━━━ Provided data
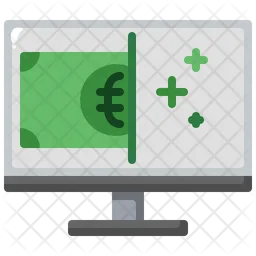 Digital Wallet  Icon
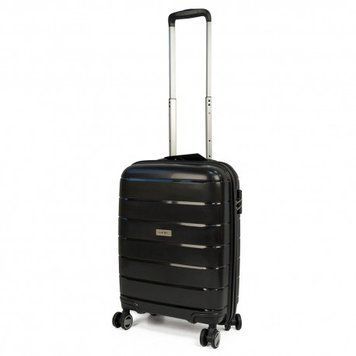 Чемодан Paklite Mailand Deluxe Black Размер:S TL074247-01 TL074247-01 фото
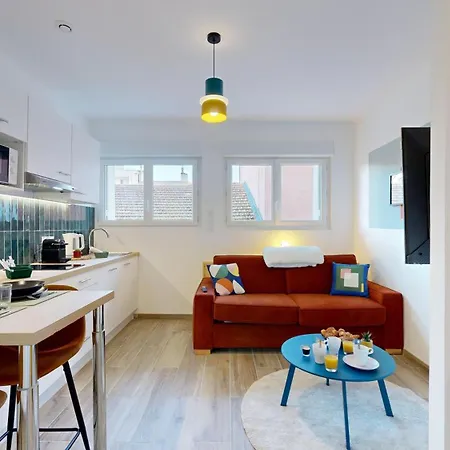 Apartmán Expat Renting - Le Grand Matabiau *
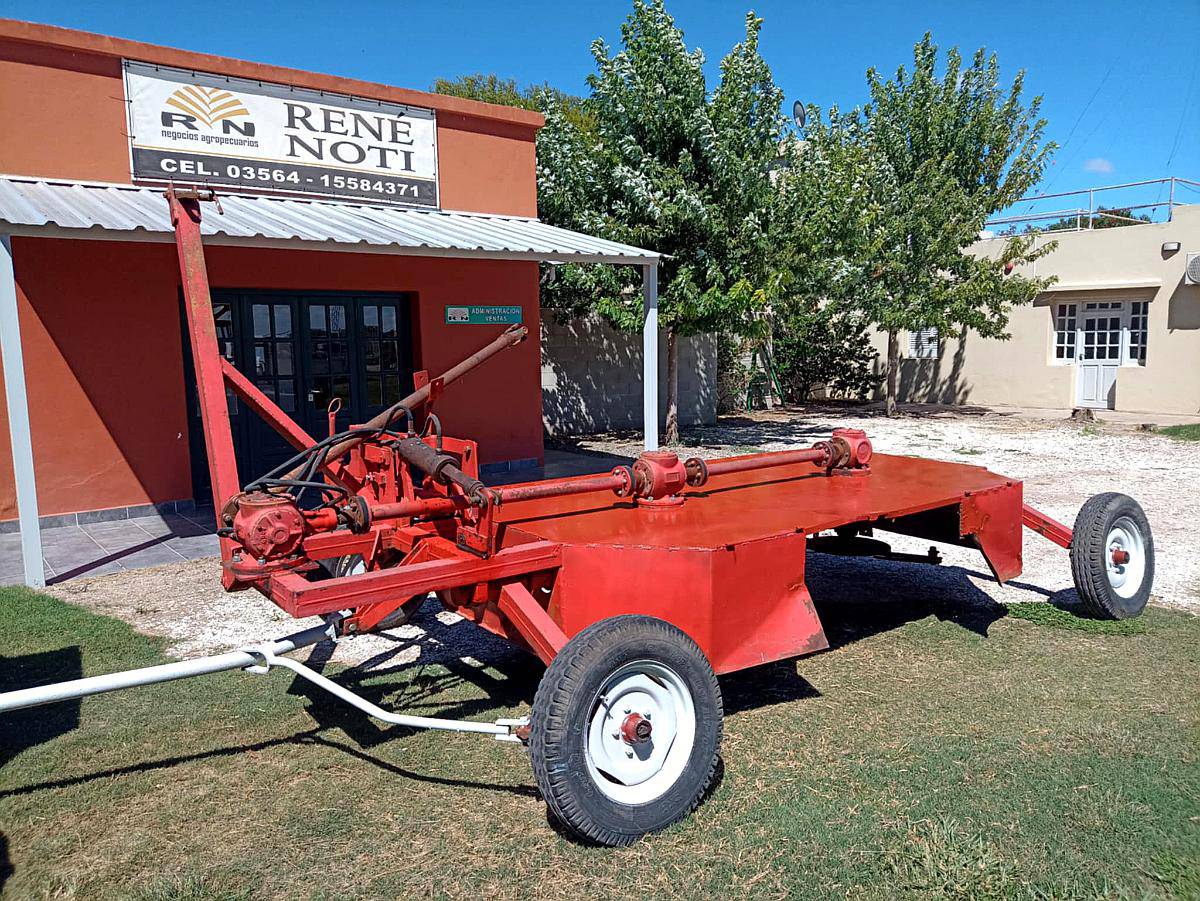 Desmalezadora Cardanica 3 Metro con Cilindro.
━━━━━━
About this task: Skip the images and set down the rest of the data unchanged.

Exercise output:
 Digital Wallet  Icon
 Чемодан Paklite Mailand Deluxe Black Размер:S TL074247-01 TL074247-01 фото
 Apartmán Expat Renting - Le Grand Matabiau *
 Desmalezadora Cardanica 3 Metro con Cilindro.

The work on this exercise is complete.